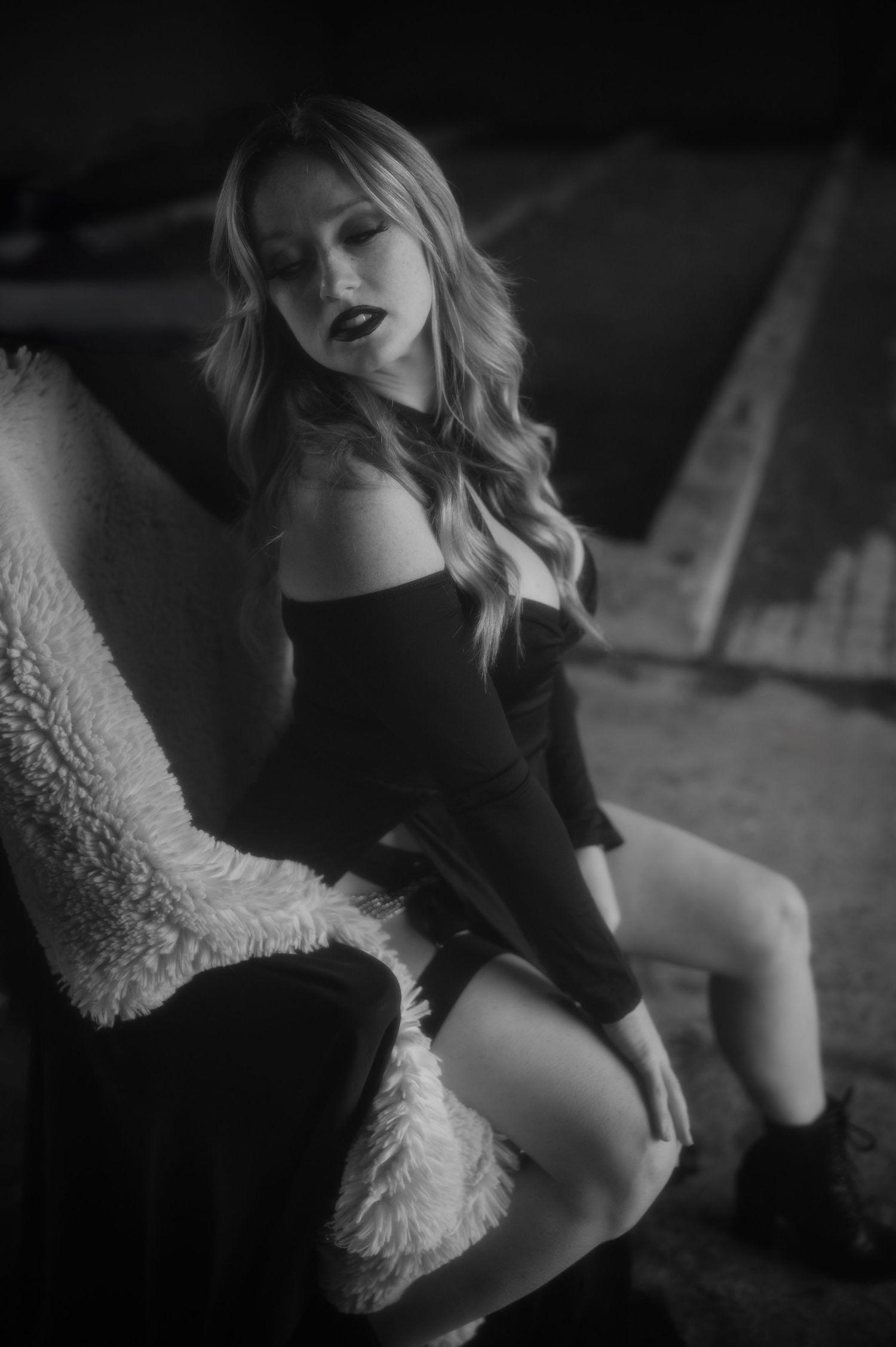 A series of black and white artistic portraits showing a contemplative figure in a relaxed indoor setting.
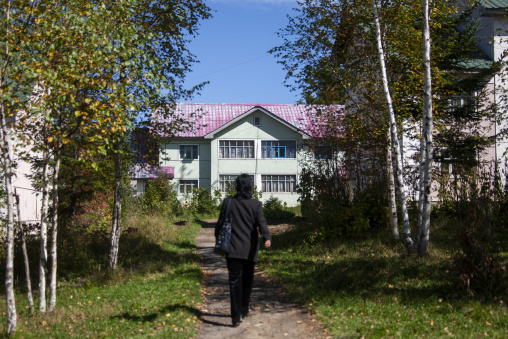 Woman on a path leading to apartment house, Ryanggang, Samjiyon, North Korea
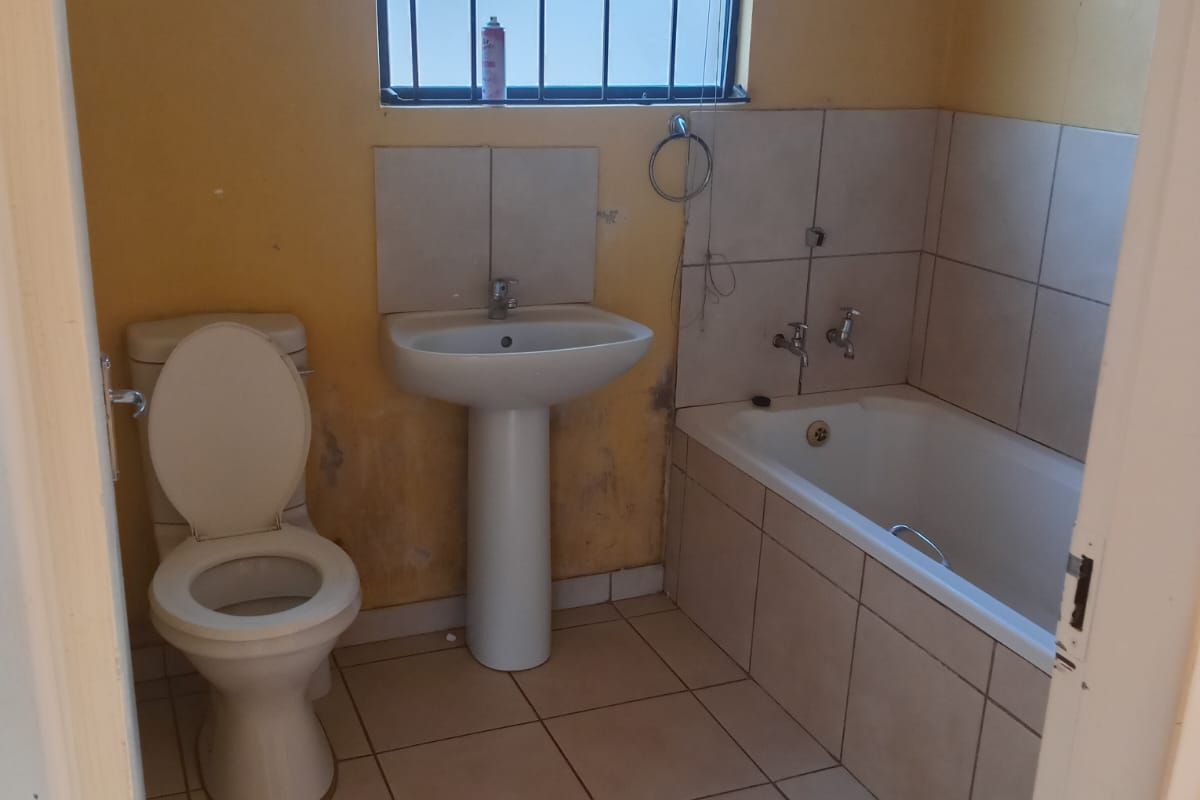 A functional bathroom featuring a pedestal basin, toilet, and built-in bathtub, requiring cosmetic updates to the wall finishes.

[YOUR INSTRUCTIONS]:
The response must match the data line for line, from its first line through the line with "Woman on a path", inclusive, and must leave out the pictures.

[ANSWER SPACE]:
 A series of black and white artistic portraits showing a contemplative figure in a relaxed indoor setting.
 Woman on a path leading to apartment house, Ryanggang, Samjiyon, North Korea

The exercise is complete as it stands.